Hopefully all the oil will be relatively clear indicating a recent oil
change. The dipstick can be difficult to locate - it is low down in the
engine bay on the back corner of the engine block close to the coolant
recovery bottle and alternator belt.
- Find the throttle cable which is supported on a tripod-type bracket on top
of the engine. Check the ends are not frayed.
- The cambelt should have been changed at 60,000 miles. If this has been
done by a Toyota dealer they should have attached a sticker to the top of
the cambelt cover with the date and mileage written of the change written
- Check the exhaust for corrosion - they do corrode quickly when used for
lots of short journeys.
- Check the radiator area for leaks. These can be from the radiator itself,
from the bleed valves on the radiator or from the pipes connected to it.

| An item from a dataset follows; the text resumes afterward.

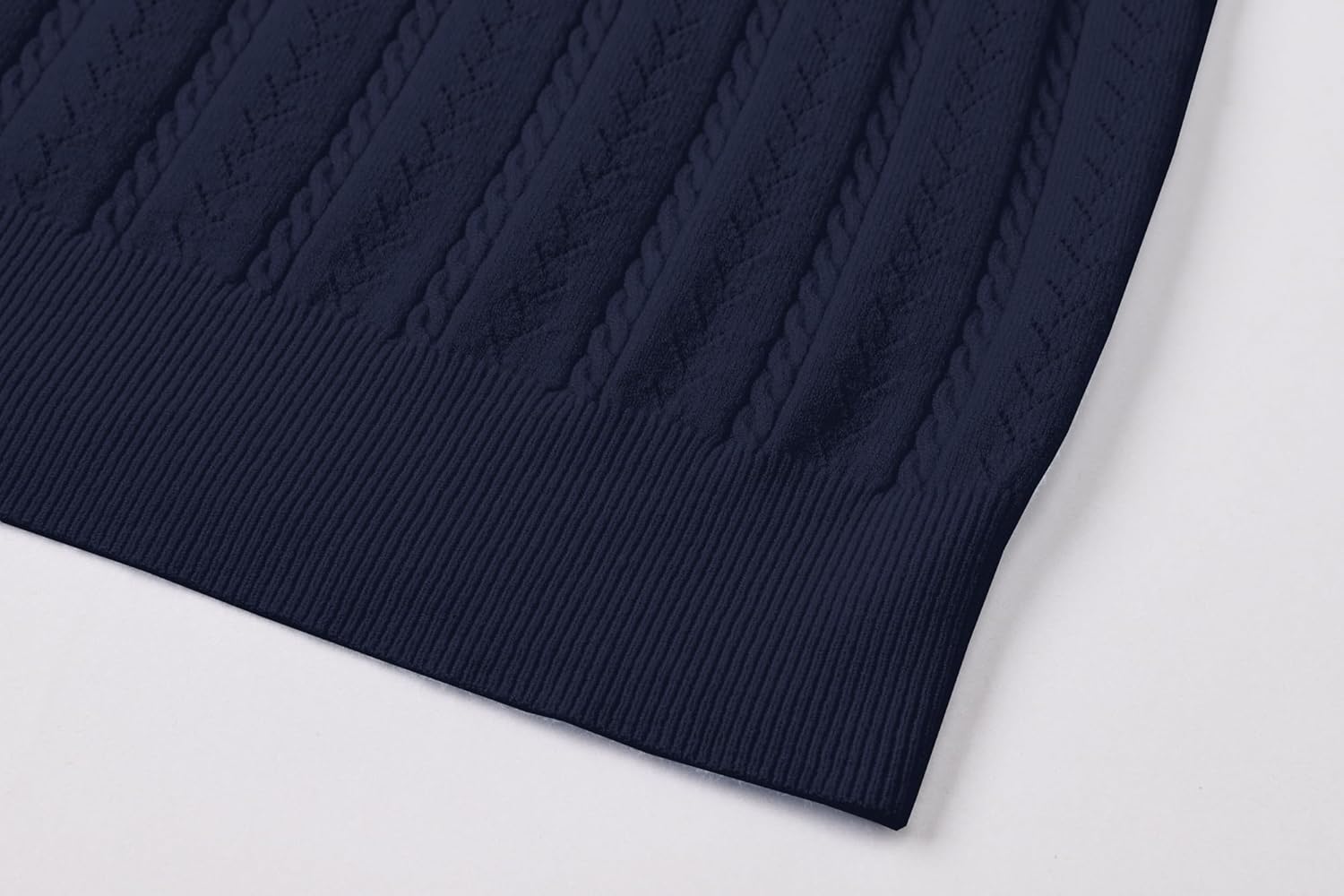 DAIMIDY Women's Short Sleeve Sweaters Hollow Out Summer Sweater Lightweight Cable Knit Pullover Tops - Image 5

- Toyota recommend that a special Toyota coolant (called ForLife) be
used as it also helps prevent engine gasket failure. ForLife is a dark red
colour - check for the presence of dark red coolant in the coolant recovery
tank at the rear offside of the engine bay. You must take the cap off the
tank and look inside to do this as the tank gets stained by the coolant so
it always looks full from the outside. If it is pale red then it has
probably been diluted with water to compensate for a leak somewhere. Other
coolants are fine too, as long as they are a good ethylene glycol type, so
you may find green or blue coolant instead. If just plain water is in there,
then you may well be looking at an expensive engine repair bill in the near
future. Rusty or dirty coolant is also a sign that the car has not been
cared for very well.
- If the coolant recovery tank cap is cracked, replace it to avoid losing
coolant that should be collected. The original caps are white, the
replacements are black.
- Airlocks are common, due to a lack of understanding of the MR2's complex
cooling system. Watch for overheating and clouds of steam in the rear view
mirror! Another indication of air in the system is a 'bouncing' engine idle
when cold caused by air pockets passing the coolant temperature sensors and
fooling them and the ECU. If the car exhibits any of these problems then it
is probably best to walk away as running it in such a condition is very bad
for the engine (causing head gasket failure etc.).

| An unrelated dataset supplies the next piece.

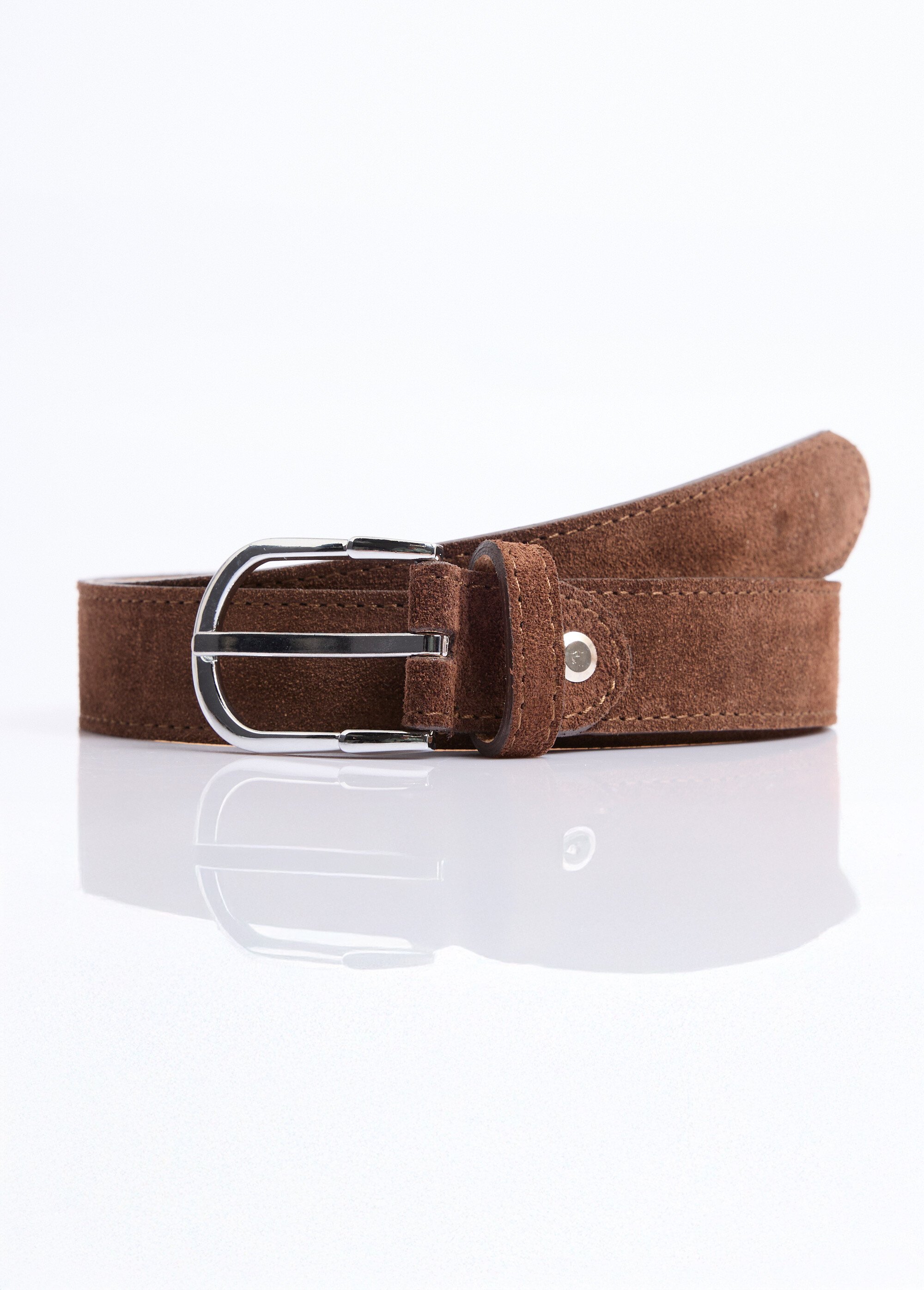 Ceinture fine cuir suédé boucle arrondie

- When starting from cold it is normal for the engine to idle at around
2000rpm or so. A little disconcerting at first.
- Take it easy to let everything warm up, then check the heater to make sure
it can blow hot air.
- The oil pressure guage should read about half way when idling, and
somewhere around 3/4 when at higher revs.
- On a straight section of road, preferable with only slight camber, hold
the steering wheel lightly to check that the car tracks straight and does
not drift to one side.
- Clunks and bumps from the front of the car over potholes probably mean
worn bushes or tie-rods, which are very easy to replace.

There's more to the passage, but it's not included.